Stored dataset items
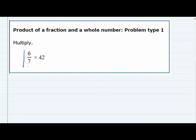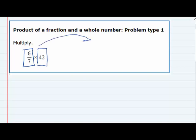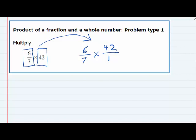In this problem, we're looking to multiply a fraction with a whole number, and that would be easier if they were both fractions. So the first one, the 6/7ths, we can leave as is, but that 42 — it would be nice if it was also a fraction. We can write any whole number as a fraction by just making it, in this case, 42 over 1. So 42 divided by 1 is 42, and now we're multiplying a fraction with a fraction.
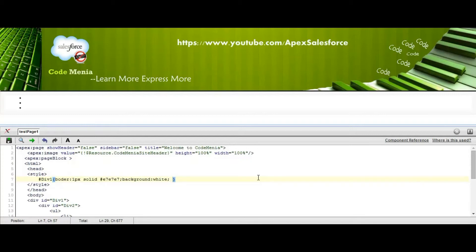Now set the padding tag as 2px 2px 2px 2px, and color as #888888, and save.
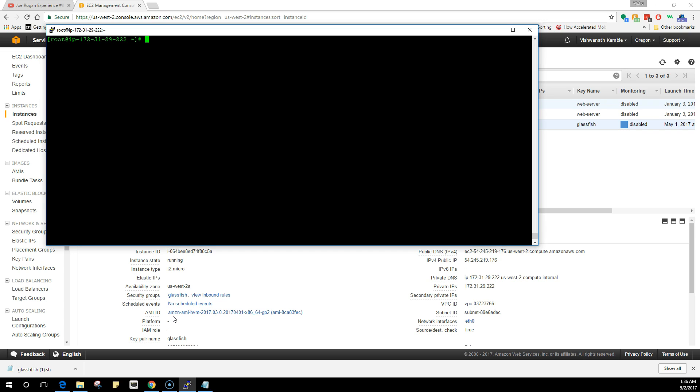We created an instance and installed PostgreSQL. We configured the server, downloaded the configuration files, and made sure only local users can access the database. Then we created users, created a database, and then we went on to GlassFish.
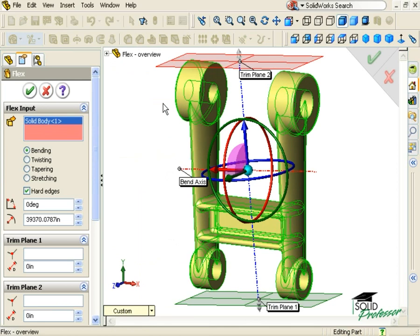Understanding the role of these items within the Flex Feature is the key to being able to use this feature intelligently. First of all, let's talk about the trim planes. By default, they appear at the extreme ends of the solid body you selected. Any region of the solid body that lies between these planes will be affected by the Flex Feature and potentially be deformed.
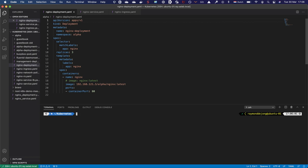Hello everyone and welcome to part nine of our series about v3 with Tenzu on NSX-T. Today we're going to look at Ingress.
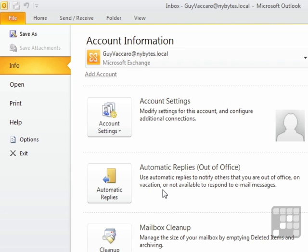This uses Automatic Replies to notify others that you are out of the office, on vacation, or not available to respond to email messages. So you could actually still be there, Outlook could be running, your emails could still be arriving,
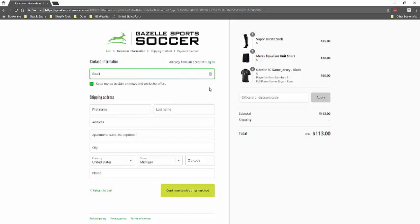From there, you'll receive an email shortly after just summing up your order, as well as what we're going to do in order to get the jersey and kit to you on time. So thanks for tuning in, and let us know if you have any questions. Thank you.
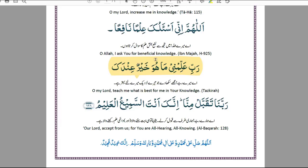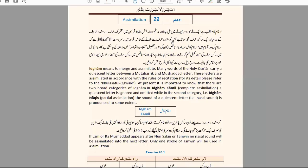Now that we've done the starting prayer, we are going to move on to what we're covering today — assimilation, which in Arabic is also known as Idgham. Idgham basically means to merge or assimilate. There are two broad categories: Idgham Kamil, where you completely assimilate, and Idgham Nakis, where you partially assimilate. Today we will focus on Idgham Kamil, where you fully assimilate — the quiescent letter with the jazam is fully ignored.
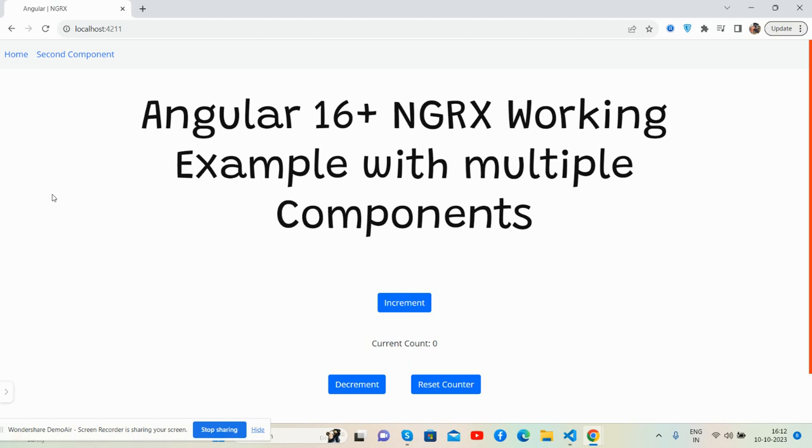You will see three buttons: increment, decrement, and reset count, with navigation and second component.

What the task requires:
Beginning with the line that contains "From there, you'll" and ending with the final line of the entries, every line must be copied exactly; the pictures must not.

The answer:
From there, you'll receive an email shortly after just summing up your order, as well as what we're going to do in order to get the jersey and kit to you on time. So thanks for tuning in, and let us know if you have any questions. Thank you.
Now that we've done the starting prayer, we are going to move on to what we're covering today — assimilation, which in Arabic is also known as Idgham. Idgham basically means to merge or assimilate. There are two broad categories: Idgham Kamil, where you completely assimilate, and Idgham Nakis, where you partially assimilate. Today we will focus on Idgham Kamil, where you fully assimilate — the quiescent letter with the jazam is fully ignored.
You will see three buttons: increment, decrement, and reset count, with navigation and second component.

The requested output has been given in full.